━━━━━ Extracted information

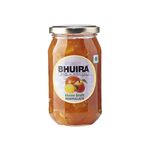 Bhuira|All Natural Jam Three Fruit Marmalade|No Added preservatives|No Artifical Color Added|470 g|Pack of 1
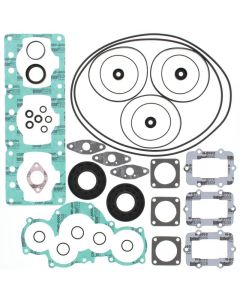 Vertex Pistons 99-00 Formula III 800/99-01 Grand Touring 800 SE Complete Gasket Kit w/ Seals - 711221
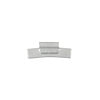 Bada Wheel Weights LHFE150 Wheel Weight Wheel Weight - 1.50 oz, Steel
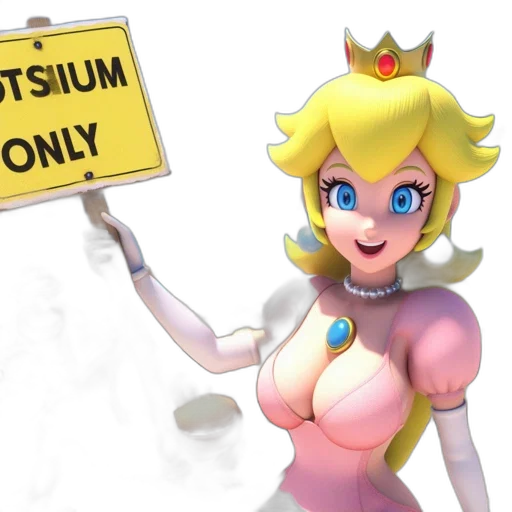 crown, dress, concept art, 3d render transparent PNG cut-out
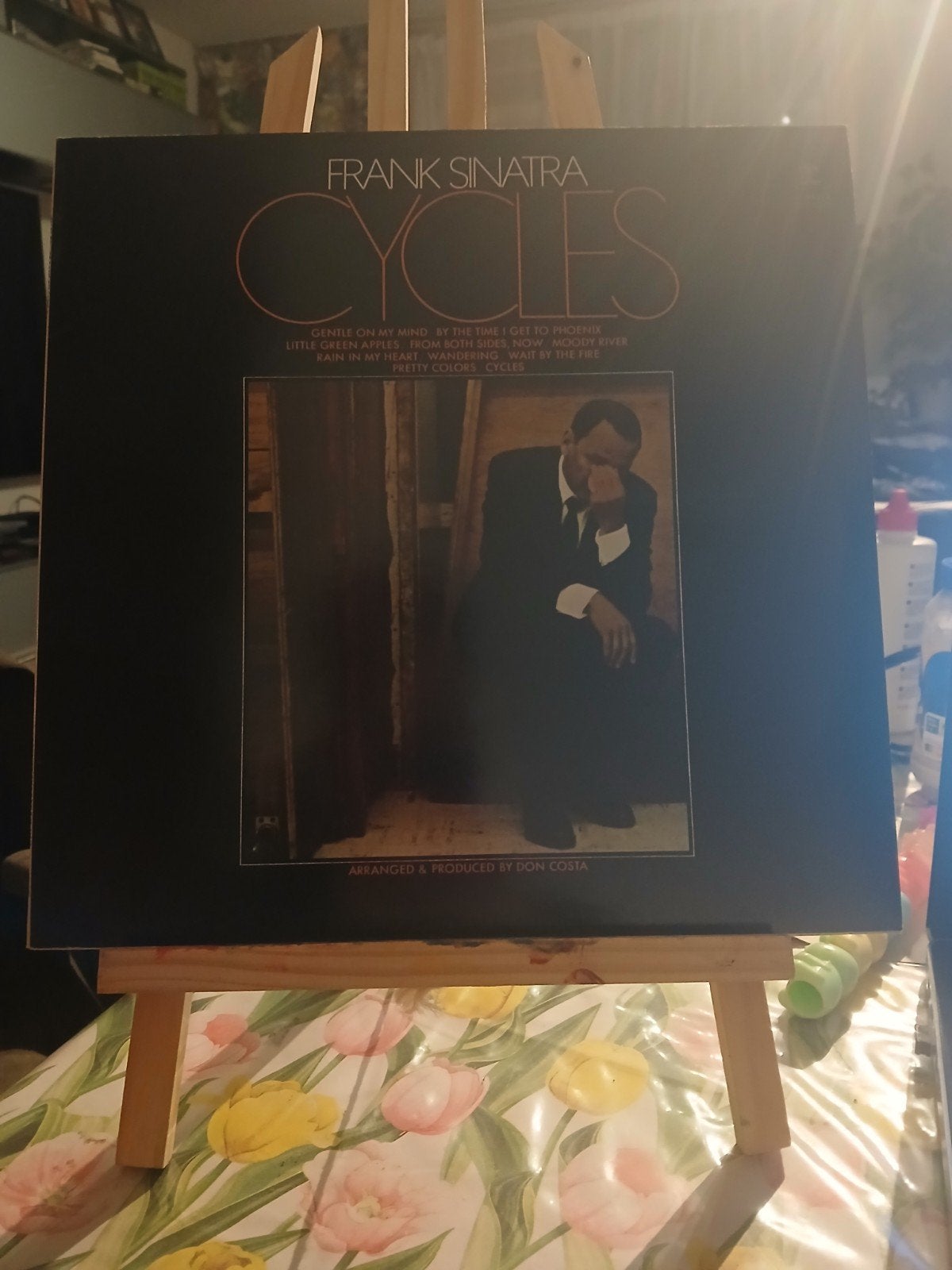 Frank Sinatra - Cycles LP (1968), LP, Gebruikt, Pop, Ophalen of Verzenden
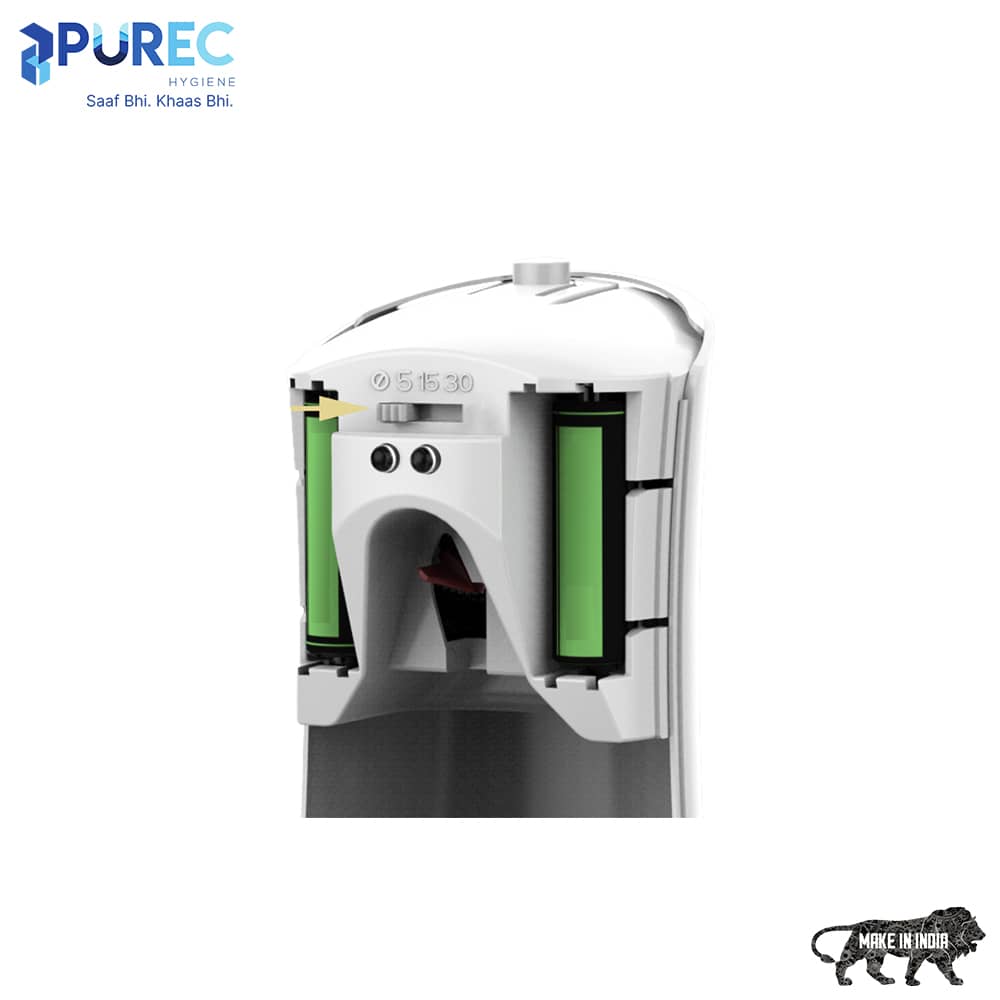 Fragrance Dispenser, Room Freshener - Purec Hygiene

━━━━━━━━━━
━━━━━ Extracted information

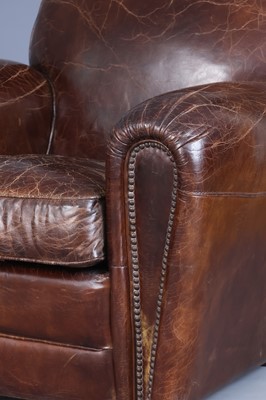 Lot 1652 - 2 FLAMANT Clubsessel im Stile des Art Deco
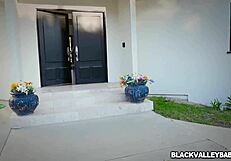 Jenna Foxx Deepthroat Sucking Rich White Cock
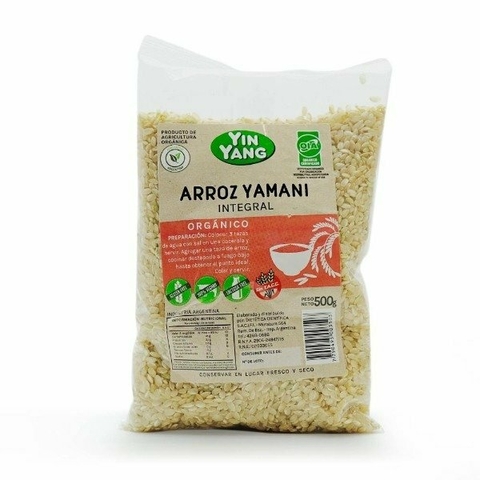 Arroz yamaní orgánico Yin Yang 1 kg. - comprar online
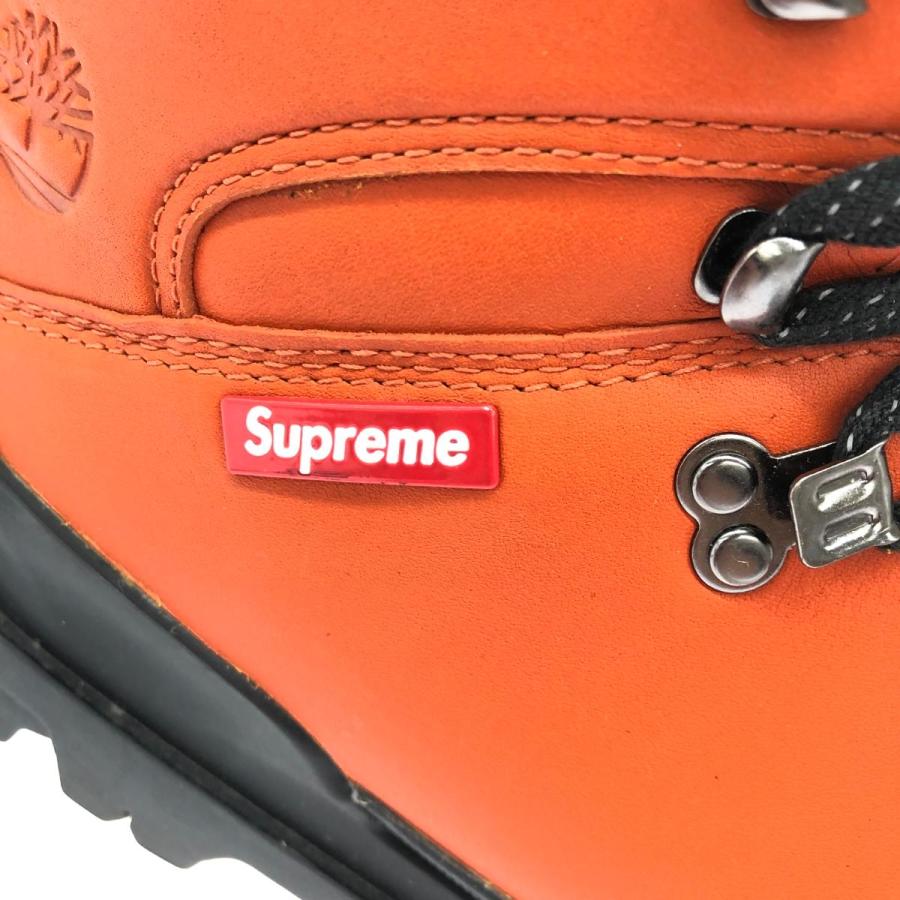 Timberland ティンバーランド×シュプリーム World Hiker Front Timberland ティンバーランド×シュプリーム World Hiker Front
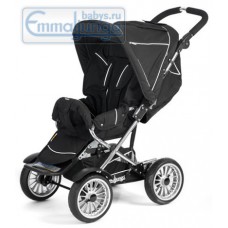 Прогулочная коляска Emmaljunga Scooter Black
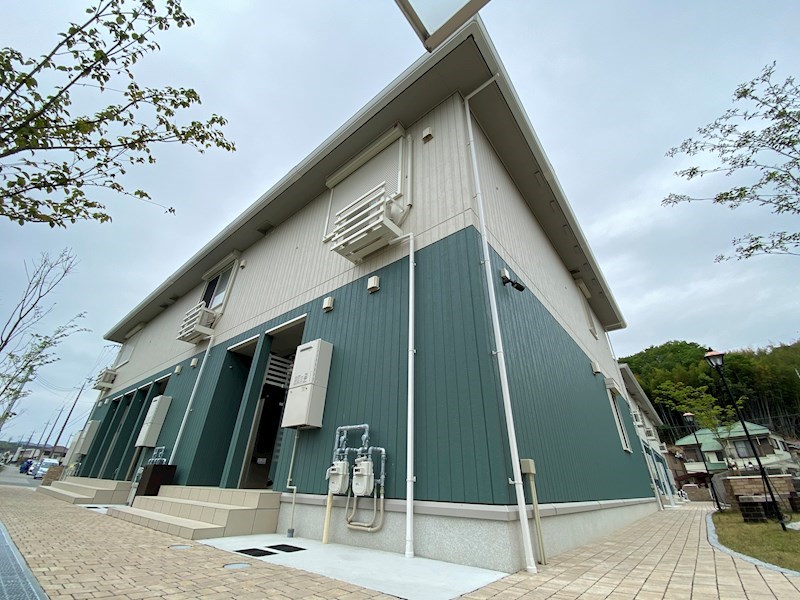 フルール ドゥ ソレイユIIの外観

━━━━━━━━━━

== Problem description ==
For this exercise, transcribe exactly the part of the records above that opens with the line containing "Timberland ティンバーランド×シュプリーム World Hiker Front Timberland" and closes with the one containing "フルール ドゥ ソレイユIIの外観". Pictures are not part of the copy.

== Exercise answer ==
 Timberland ティンバーランド×シュプリーム World Hiker Front Timberland ティンバーランド×シュプリーム World Hiker Front
 Прогулочная коляска Emmaljunga Scooter Black
 フルール ドゥ ソレイユIIの外観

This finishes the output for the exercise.